### Exercise objective
Without including any picture, repeat the records below exactly.

Stored dataset items:
———
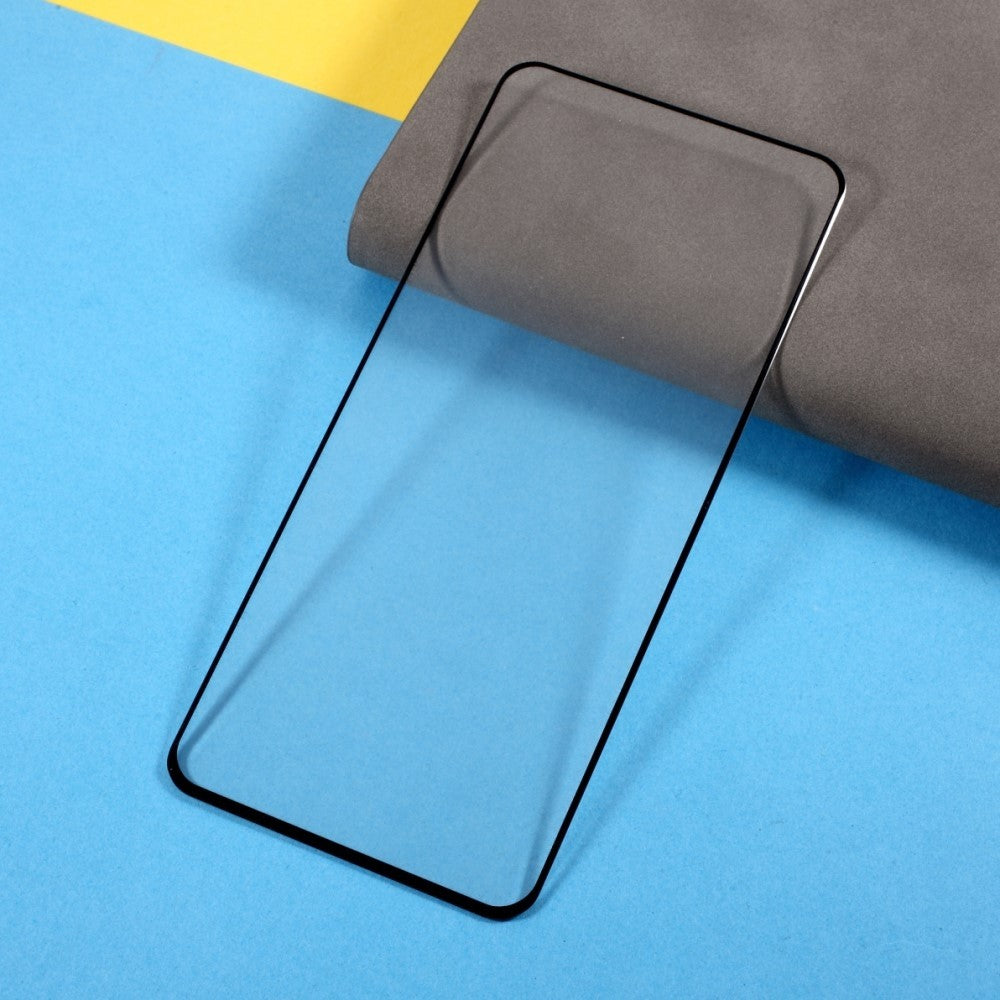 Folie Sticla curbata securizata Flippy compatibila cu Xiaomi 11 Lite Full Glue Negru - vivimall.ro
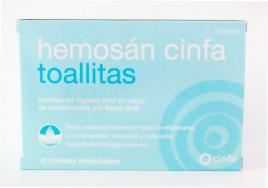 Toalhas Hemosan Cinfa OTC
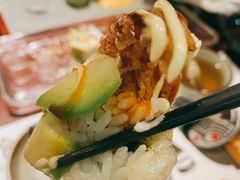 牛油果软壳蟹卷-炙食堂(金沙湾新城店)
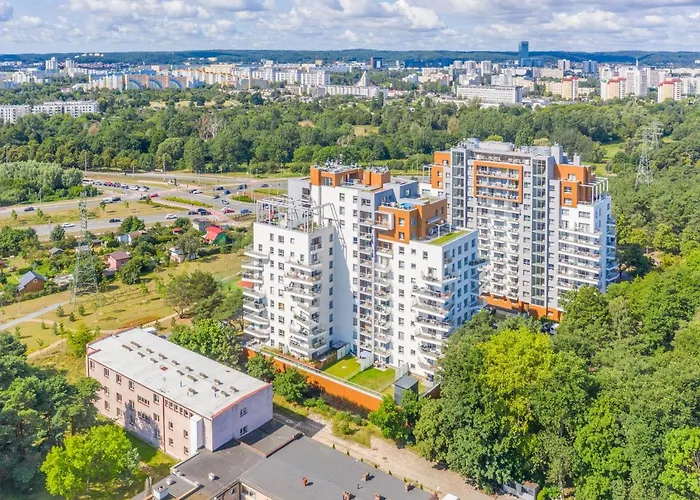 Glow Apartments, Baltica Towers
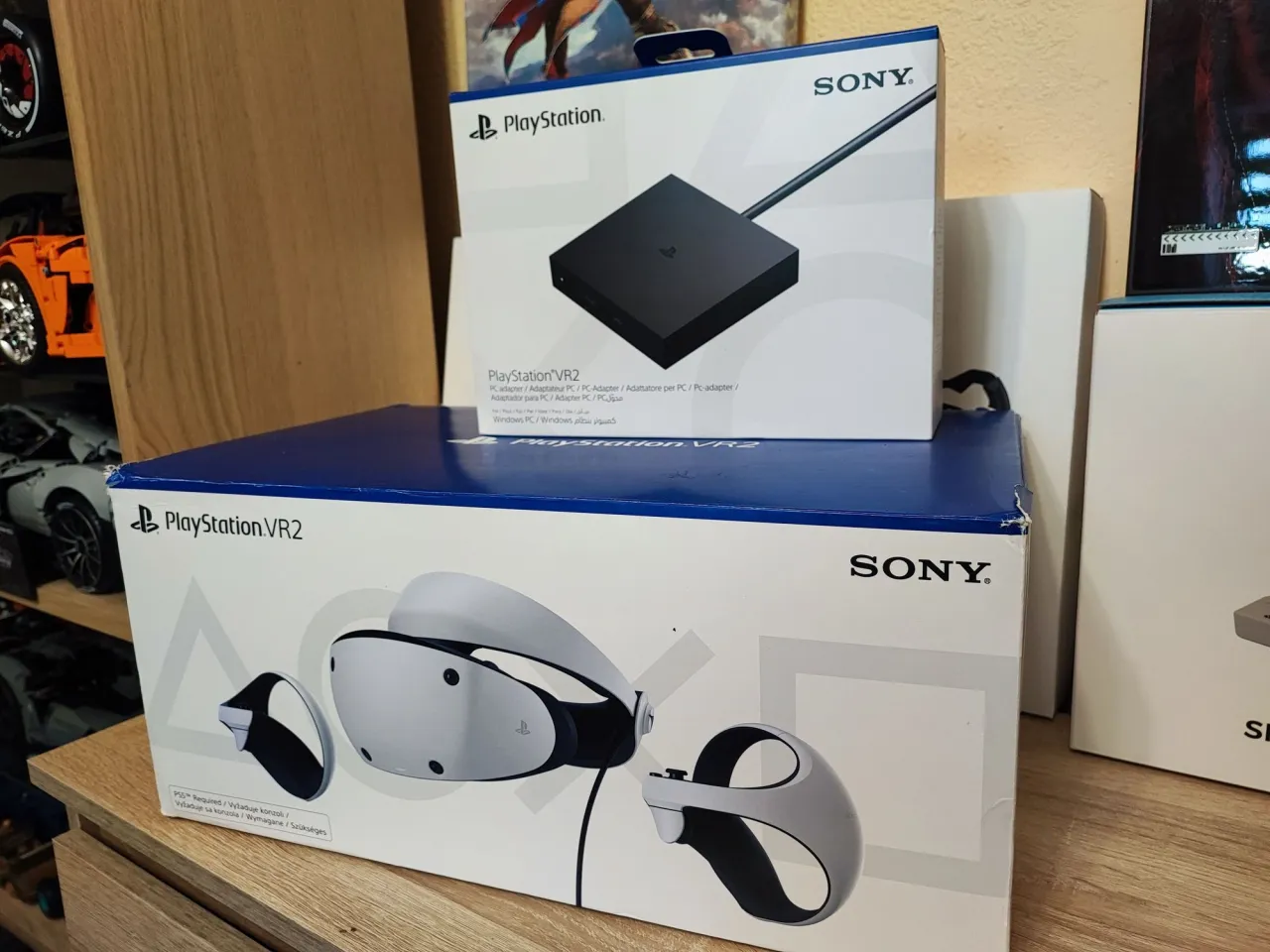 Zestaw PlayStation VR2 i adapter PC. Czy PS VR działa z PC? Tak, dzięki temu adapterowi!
———
### Written answer
 Folie Sticla curbata securizata Flippy compatibila cu Xiaomi 11 Lite Full Glue Negru - vivimall.ro
 Toalhas Hemosan Cinfa OTC
 牛油果软壳蟹卷-炙食堂(金沙湾新城店)
 Glow Apartments, Baltica Towers
 Zestaw PlayStation VR2 i adapter PC. Czy PS VR działa z PC? Tak, dzięki temu adapterowi!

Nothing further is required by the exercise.